Top of Records shown

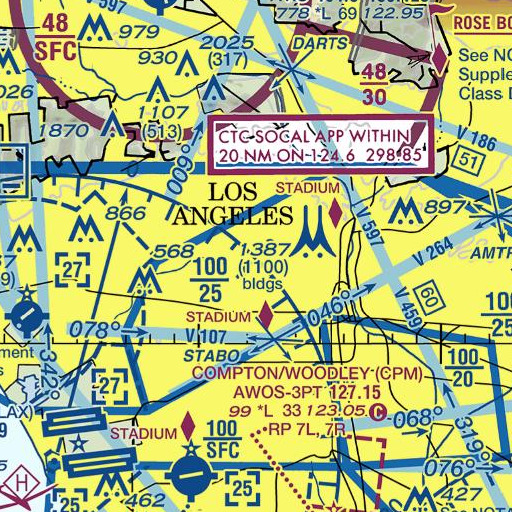FAA VFR chart of Bernedo Middle School, CA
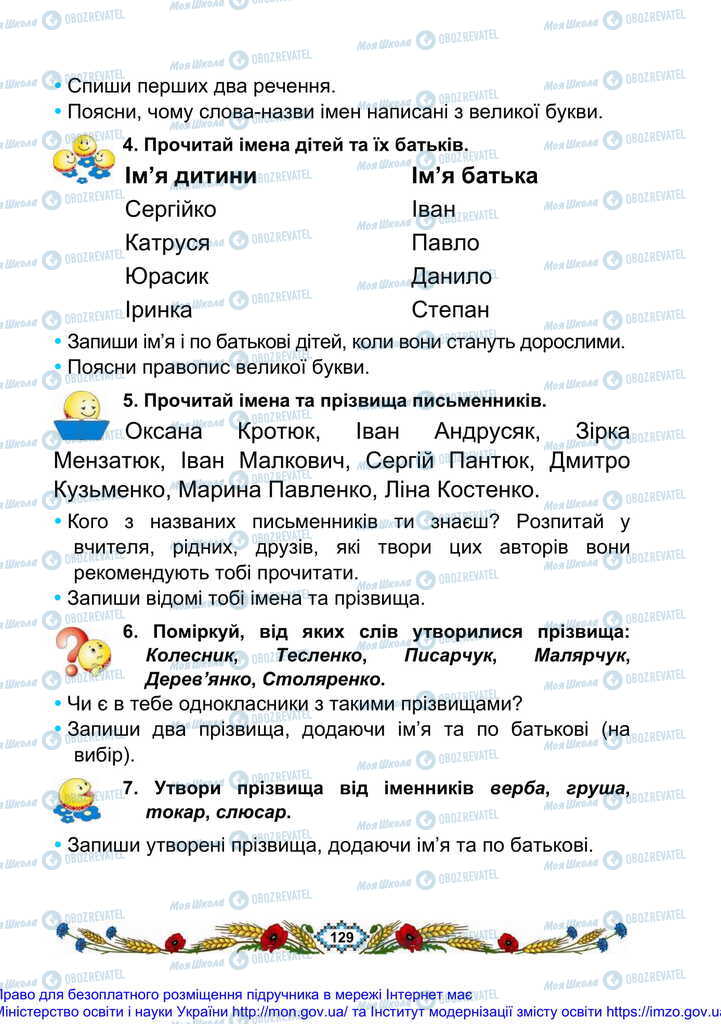 Підручники Українська мова 2 клас сторінка 129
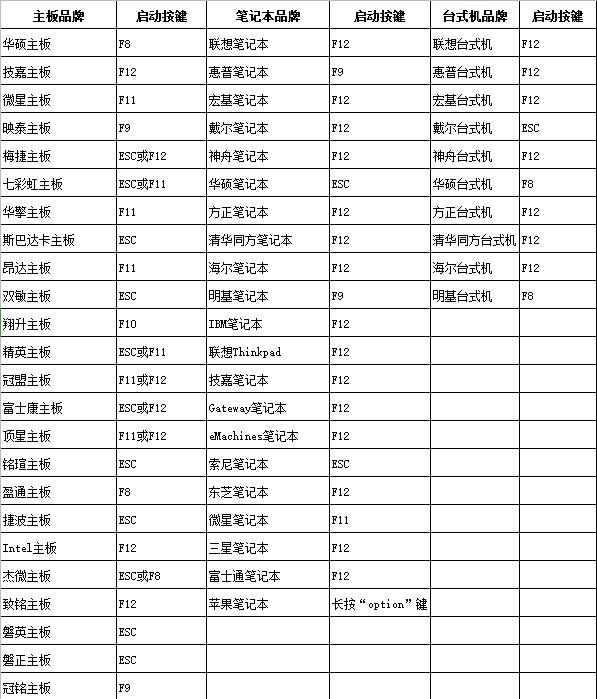 1-电脑品牌启动热键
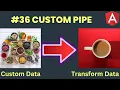 Create Custom Pipes in Angular Step-by-Step Tutorial Build Awesome Custom Pipes in Angular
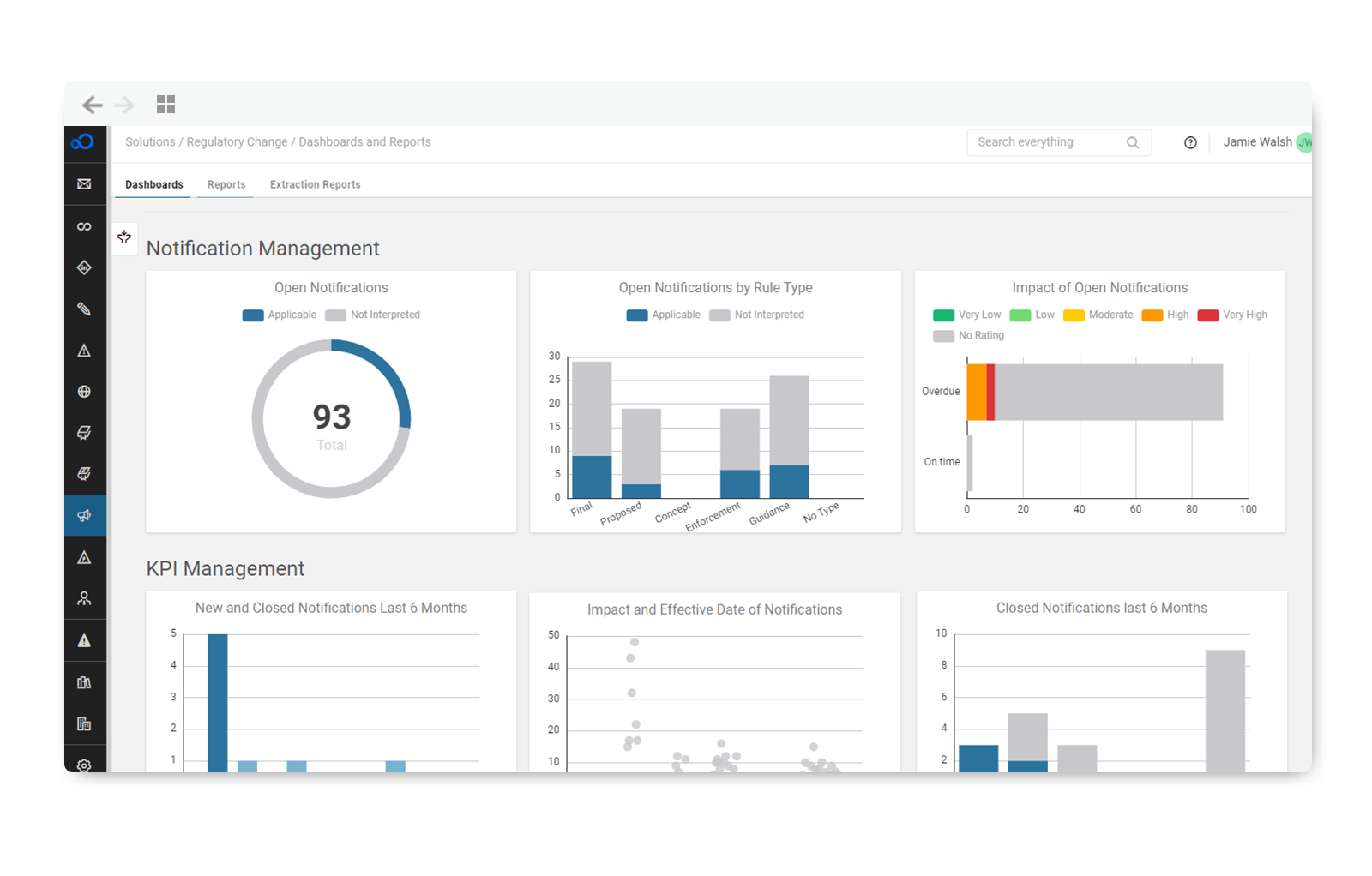 ESG compliance software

Bottom of Records shown

Instructions for the task: Begin at the line containing "Підручники Українська мова" and stop at the final line of the data. Retype those lines exactly, without the pictures.

Written reply:
 Підручники Українська мова 2 клас сторінка 129
 1-电脑品牌启动热键
 Create Custom Pipes in Angular Step-by-Step Tutorial Build Awesome Custom Pipes in Angular
 ESG compliance software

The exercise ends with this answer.